* **Required work**:
Begin at the line containing "Yapı Taşı Pürüzsüz" in the records below, end at the line containing "Gazeta Warszawska. R.1793 Nr 96", and retype each line in that span exactly. No other line and no image should appear.

Brief descriptive captions
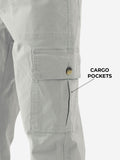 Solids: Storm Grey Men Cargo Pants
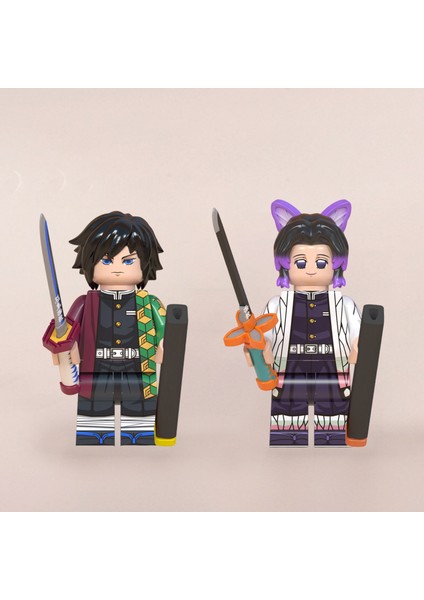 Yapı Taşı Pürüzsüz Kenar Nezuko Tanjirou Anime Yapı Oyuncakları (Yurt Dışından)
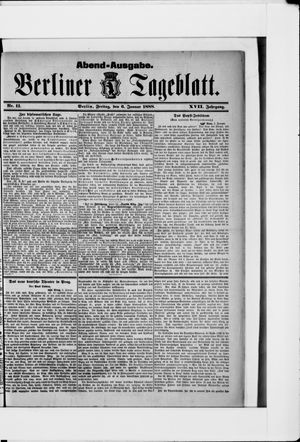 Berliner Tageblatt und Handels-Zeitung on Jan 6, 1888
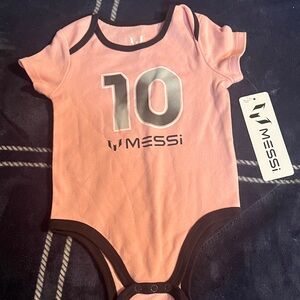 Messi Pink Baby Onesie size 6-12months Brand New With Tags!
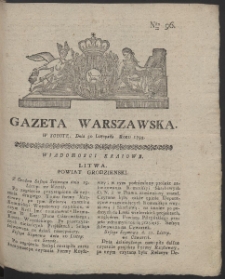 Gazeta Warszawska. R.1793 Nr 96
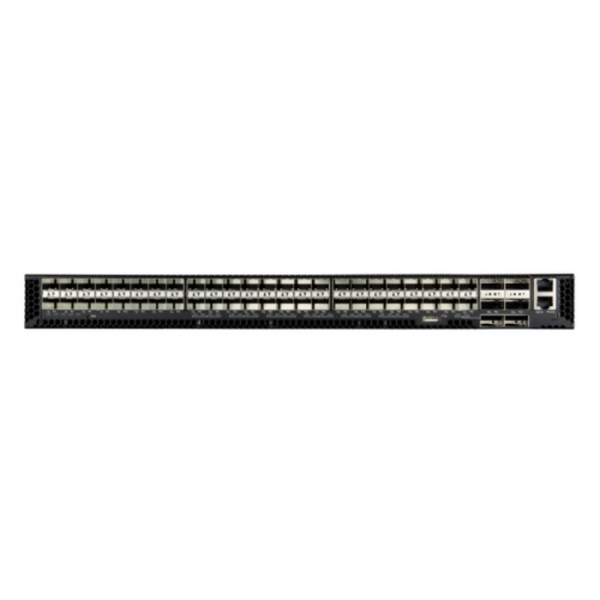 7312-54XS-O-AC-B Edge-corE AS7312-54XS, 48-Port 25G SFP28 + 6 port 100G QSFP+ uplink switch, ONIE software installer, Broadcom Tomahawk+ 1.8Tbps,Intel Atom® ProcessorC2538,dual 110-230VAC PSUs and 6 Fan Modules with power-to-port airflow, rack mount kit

* **Your solution**:
 Yapı Taşı Pürüzsüz Kenar Nezuko Tanjirou Anime Yapı Oyuncakları (Yurt Dışından)
 Berliner Tageblatt und Handels-Zeitung on Jan 6, 1888
 Messi Pink Baby Onesie size 6-12months Brand New With Tags!
 Gazeta Warszawska. R.1793 Nr 96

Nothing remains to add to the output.